Вообще говоря, весь этот набор перспектив актуализирует один из ключевых смыслообразов Делеза: армия без генерала. Возможно, что в постсовременных условиях такая конструкция (когда коридоры более значимы, чем лифты) может оказаться эффективнее традиционных.

И, наконец, о кадровом обеспечении новой политики. Некоторое убожество лидеров оппозиции (которое не следует преувеличивать) объясняется не отсутствием в стране достойных людей, а всего лишь тем, что политику превратили в занятие, достойного человека недостойное. Было все сделано для того, чтобы создать фон, на котором Путин выглядел бы лучшим, если не единственным. То есть всех других выкрасить одной серой краской. Причем не только внесистемные кадры, но и собственное окружение, включая ближайшее.

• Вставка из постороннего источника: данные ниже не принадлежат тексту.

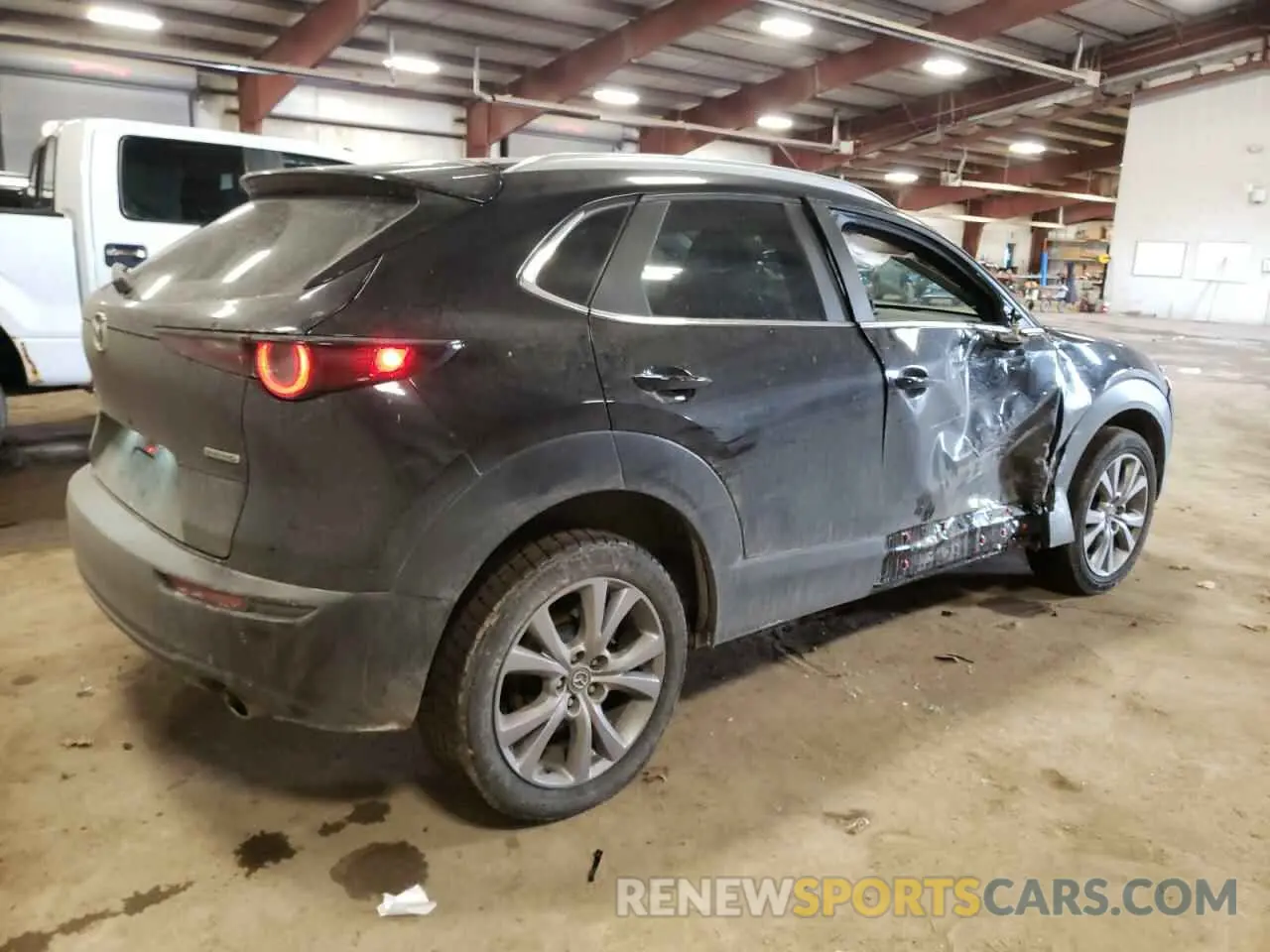 3 Photograph of a damaged car 3MVDMBBM0PM572399 MAZDA CX30 2023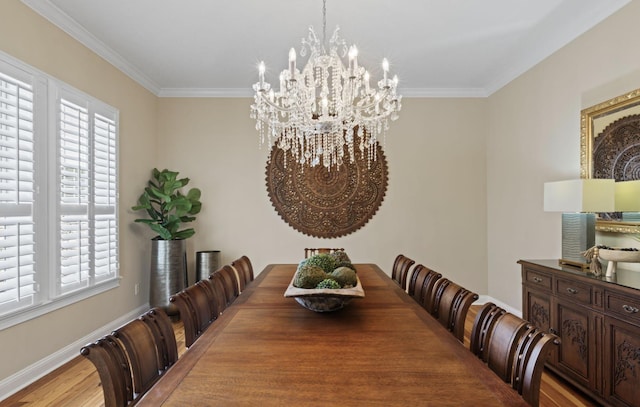 dining space featuring a chandelier, wood-type flooring, ornamental molding, and a healthy amount of sunlight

Один из действительно ярких деятелей администрации, только переместившись в кресло вице-премьера, на радостях позволил себе вполне приличное выступление на петербургском форуме, даже с правильными стратегическими выводами — но тут же получил нагоняй. Создается впечатление, что в этой обойме вполне серьезных и неглупых людей дозволены всего две говорящие головы — остальным выступать вообще не по рангу.

Задача оппозиции — добиться того, чтобы правила политической игры были хоть сколько-нибудь пристойными. И тогда на нашей политической сцене тут же появится немало вполне интересных и приличных людей с повышенными требованиями к политической гигиене. В самом деле, не считать же, что наша нынешняя политическая оппозиция — все, на что способна когда-то великая и все еще талантливая страна. Это было бы оскорблением нации.

Раскупорка каналов социальной мобильности, особенно в большой политике, важна не только для притока свежей крови и ротации, без которых невозможно развитие. Когда вертикальные каналы закупорены для людей, они перекрыты и для информации. Возникают идеальные условия для манипуляции верхами снизу. Приемные и коридоры власти начинают реально руководить высокими кабинетами. Государство становится совершенно недееспособным в плане реализации сколь-нибудь стратегических инициатив. А такие инициативы сейчас жизненно необходимы: отставания становятся необратимыми.

На нефтяной ренте этот режим уже оброс своими государевыми людьми, которые его не сдадут, пока не иссякнут потоки в трубах и транши. Чтобы вырваться из этой исторической ловушки, надо, чтобы каким-то не очень мыслимым образом наверх вытолкнуло людей с горизонтом планирования, раз в несколько шире, чем у нынешних начальников. Это как минимум. Тогда что-то стронется. О большем сейчас трудно мечтать.


[1]   См.: Рубцов А. В. Нестандарт. Отечественные записки, № 3 (48), 2012.

[2] См.: Рубцов А. В. Эволюция, революция, ре-эволюция?.. // Ориентиры. Вып.5. М.: ИФ РАН, 2009.

[3] Вот пример эволюции человека, некогда идейного, демократичного и способного к шутке, в забронзовевшего чинодрала. Помню, как в самом начале 90-х он, тогда вице-премьер, глубокой ночью, отпустив делегацию бастовавших шахтеров, вышел в приемную... в тюбетейке и с пистолетом. Тюбик подарил днем кто-то из посетителей, пистолет выдали как табельное оружие. Пару лет назад тот же самый человек на приветствие старого знакомого по работе во власти мрачно процедил: «У тебя просьба или предложение?».